Criss Cross Rhythms Exploding with Happiness (Ukiyo)
John Warwicker
MAY 08 – JUN 21, 2015
+81 GALLERY – NEW YORK
Criss-Cross Rhythms Exploding with Happiness
By John Warwicker
May 8th – June 21st 2015
Opening Reception: May 8th 6-8pm
Plus 81 Gallery: 167 Elizabeth St, New York, NY
Hours: Wednesday-Sunday 12-7pm
www.plus81.us
+81 gallery is delighted to present Criss-Cross Rhythms Exploding with Happiness, a solo exhibition by acclaimed designer, artist and self-proclaimed amateur, John Warwicker.
Warwicker is most known for his groundbreaking design work including the meta-disciplinary design collective Tomato, the electronic group Underworld, and his individual work ranging from branding strategy for Moderna Museet to installation work at Graphic Passport in Tokyo in 2010.
Elastically translating and migrating from audio to visual, literature to graphic, and action to (temporary) stillness, Warwicker locates himself in the flux of dislocation – everything has rhythm and tempo, continuously streaming in evanescence. Drawing from a long history of experiments in the creative industry and informed by immense archive of references including Joyce, Benjamin, Zeami, Hokusai, and Blake among many others, Warwicker traverses continents and millenniums, fluidity defines Warwicker’s modus operandi.
Verses float, varying in size, and drift in and out of focus in the typographic work Ulysses’ Odyssey. The texts are from three different source materials; Ulysses by James Joyce, Odyssey by Homer, and Wanderer by anonymous. Lifted off of the original contexts and merged into a concurrent field of cacophony, elusive meanings emerge out of the animation of words choreographed by the rhythm of the texts and motion of the gaze. Against the stasis of literature dating back to thousands of years ago, the pieces call for a singular experience of reading performed only in the present with the countless semantic possibilities.
Being severely color-blind, Warwicker is fascinated with the idea of color. In Time|s|pace, the graphic print series resembling color field paintings with geometric shapes and subtle shifts in tones, he investigates the tenuous nature of color. The perception of hue, tint, and shade is absolutely ephemeral, contingent on the place and time, shifting through the particular matrix of atmospherics tied to a given location. Warwicker transcribes the mutations of color palette of the cities into a comparative system of grids.

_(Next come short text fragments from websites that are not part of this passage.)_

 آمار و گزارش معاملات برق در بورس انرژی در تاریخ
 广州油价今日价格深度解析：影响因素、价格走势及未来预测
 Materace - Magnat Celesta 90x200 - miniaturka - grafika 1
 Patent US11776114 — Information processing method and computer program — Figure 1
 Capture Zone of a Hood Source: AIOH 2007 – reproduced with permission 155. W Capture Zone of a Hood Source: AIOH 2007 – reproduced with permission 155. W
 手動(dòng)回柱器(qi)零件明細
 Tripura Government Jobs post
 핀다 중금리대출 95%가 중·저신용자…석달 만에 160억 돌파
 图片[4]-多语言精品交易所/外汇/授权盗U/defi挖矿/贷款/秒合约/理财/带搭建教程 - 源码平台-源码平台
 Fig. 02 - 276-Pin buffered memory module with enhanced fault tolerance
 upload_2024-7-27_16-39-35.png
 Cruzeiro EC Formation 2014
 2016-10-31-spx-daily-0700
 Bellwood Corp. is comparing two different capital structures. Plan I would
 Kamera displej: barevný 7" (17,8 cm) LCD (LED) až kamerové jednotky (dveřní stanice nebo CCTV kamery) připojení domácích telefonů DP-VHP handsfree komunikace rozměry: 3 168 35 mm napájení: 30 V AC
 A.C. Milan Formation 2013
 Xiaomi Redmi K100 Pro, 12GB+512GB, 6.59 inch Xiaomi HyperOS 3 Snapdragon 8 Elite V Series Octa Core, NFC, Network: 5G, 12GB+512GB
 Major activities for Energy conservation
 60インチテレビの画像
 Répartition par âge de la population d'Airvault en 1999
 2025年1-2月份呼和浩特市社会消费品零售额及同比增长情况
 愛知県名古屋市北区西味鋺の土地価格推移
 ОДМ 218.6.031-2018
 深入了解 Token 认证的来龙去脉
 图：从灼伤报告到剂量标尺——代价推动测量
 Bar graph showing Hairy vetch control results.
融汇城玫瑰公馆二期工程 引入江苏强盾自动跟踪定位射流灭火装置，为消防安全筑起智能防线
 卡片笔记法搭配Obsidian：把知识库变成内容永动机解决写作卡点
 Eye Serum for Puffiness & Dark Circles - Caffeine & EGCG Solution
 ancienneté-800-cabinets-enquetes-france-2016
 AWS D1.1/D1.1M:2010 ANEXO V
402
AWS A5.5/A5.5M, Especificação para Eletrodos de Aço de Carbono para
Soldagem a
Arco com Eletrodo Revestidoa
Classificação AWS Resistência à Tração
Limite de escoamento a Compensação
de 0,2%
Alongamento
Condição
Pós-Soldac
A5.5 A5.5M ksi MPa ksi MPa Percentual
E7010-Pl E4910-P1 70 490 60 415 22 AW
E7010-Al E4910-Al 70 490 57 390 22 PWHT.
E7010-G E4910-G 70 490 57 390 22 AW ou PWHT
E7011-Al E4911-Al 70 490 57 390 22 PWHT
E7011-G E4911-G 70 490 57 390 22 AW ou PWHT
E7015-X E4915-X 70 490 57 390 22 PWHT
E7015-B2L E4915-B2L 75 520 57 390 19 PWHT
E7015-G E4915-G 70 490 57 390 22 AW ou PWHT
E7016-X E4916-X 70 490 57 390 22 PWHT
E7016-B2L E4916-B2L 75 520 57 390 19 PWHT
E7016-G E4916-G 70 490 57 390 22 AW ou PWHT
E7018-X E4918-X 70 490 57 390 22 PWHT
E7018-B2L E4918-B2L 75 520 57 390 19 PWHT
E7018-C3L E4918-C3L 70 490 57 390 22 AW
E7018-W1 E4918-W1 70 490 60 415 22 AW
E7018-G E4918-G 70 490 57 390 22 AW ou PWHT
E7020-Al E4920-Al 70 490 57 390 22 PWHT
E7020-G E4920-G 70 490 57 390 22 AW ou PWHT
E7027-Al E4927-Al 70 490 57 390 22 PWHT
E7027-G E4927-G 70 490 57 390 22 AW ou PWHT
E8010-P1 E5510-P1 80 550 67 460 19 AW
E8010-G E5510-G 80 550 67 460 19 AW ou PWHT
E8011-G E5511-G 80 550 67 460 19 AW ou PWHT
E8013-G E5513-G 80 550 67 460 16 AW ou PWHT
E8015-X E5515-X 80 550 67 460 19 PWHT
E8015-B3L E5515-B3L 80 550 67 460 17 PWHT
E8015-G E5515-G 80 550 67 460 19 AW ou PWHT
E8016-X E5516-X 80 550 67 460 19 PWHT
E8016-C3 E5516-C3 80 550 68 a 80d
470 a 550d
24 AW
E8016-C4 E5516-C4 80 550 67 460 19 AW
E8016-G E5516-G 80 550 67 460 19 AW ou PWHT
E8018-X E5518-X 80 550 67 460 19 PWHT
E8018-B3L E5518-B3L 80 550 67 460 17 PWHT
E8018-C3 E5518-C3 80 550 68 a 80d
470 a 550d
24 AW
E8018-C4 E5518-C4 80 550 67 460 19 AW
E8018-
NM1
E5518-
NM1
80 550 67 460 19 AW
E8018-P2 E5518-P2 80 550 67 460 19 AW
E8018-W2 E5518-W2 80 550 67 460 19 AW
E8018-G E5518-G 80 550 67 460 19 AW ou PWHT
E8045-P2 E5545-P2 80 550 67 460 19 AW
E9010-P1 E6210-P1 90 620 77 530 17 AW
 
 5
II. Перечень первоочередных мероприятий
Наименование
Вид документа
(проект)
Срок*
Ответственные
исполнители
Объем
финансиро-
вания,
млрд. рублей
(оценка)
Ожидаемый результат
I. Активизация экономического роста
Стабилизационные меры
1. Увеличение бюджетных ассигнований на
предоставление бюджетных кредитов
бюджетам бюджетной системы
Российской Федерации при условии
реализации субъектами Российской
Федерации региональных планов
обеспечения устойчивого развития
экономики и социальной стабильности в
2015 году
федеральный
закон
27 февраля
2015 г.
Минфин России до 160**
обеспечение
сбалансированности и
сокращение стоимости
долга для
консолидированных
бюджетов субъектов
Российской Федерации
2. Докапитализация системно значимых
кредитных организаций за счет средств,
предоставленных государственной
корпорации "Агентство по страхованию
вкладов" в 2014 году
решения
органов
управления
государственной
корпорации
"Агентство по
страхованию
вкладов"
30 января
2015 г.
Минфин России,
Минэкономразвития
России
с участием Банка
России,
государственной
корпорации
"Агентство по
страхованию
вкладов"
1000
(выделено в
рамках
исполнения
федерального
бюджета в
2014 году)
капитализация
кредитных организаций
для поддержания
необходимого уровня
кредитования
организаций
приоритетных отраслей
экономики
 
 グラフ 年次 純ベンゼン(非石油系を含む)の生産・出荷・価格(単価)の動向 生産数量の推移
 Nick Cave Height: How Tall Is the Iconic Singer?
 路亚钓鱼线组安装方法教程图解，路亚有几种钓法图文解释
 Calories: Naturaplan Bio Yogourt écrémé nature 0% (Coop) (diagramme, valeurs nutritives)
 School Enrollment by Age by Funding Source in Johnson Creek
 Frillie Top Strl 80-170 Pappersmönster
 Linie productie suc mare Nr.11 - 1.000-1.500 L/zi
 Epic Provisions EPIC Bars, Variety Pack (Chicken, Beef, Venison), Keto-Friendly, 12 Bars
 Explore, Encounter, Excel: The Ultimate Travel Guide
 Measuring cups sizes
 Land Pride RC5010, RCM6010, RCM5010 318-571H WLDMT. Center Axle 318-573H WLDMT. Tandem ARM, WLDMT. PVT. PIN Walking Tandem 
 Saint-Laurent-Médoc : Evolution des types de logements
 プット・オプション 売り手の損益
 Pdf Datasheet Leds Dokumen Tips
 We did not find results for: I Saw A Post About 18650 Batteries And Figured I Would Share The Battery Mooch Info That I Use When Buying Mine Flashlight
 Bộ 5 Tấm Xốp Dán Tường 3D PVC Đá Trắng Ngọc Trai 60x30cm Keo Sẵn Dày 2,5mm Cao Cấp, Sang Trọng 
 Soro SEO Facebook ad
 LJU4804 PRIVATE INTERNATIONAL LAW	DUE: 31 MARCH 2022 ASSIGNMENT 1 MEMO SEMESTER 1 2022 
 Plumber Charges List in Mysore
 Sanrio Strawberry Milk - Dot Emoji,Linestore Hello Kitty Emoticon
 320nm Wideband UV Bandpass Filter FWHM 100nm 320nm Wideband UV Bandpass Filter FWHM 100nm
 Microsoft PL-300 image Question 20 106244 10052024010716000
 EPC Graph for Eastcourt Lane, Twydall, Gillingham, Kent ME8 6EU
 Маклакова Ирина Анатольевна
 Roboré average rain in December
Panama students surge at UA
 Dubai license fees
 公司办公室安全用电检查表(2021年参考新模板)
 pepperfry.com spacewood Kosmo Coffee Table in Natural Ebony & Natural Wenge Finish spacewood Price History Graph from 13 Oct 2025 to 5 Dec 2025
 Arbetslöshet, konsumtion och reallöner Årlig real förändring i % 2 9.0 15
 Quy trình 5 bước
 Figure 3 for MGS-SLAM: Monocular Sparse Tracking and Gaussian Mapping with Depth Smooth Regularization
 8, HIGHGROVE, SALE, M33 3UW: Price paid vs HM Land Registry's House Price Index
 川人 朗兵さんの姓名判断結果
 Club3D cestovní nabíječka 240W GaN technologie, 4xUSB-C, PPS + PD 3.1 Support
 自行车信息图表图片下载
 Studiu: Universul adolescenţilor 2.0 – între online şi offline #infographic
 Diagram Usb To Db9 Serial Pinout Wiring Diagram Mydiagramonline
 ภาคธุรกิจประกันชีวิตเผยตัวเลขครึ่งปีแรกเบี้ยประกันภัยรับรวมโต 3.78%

One Thousand Fathoms Deep is a series of black and white photographs in extreme contrast and rough grainy look. Casually composed, the images encapsulate moments of lives in urban environment as if to resonate with the city’s heartbeat. Ecstatic in its cadence the images work like an onomatopoeia; descriptors rendered emotive, each image is a chamber that expressively echoes the sound of the cities.
Warwicker’s work elicits poetics regardless of the medium, and regardless of its intent – commercial or not – and reveals charged compositions and connections that are at once original and quotidian.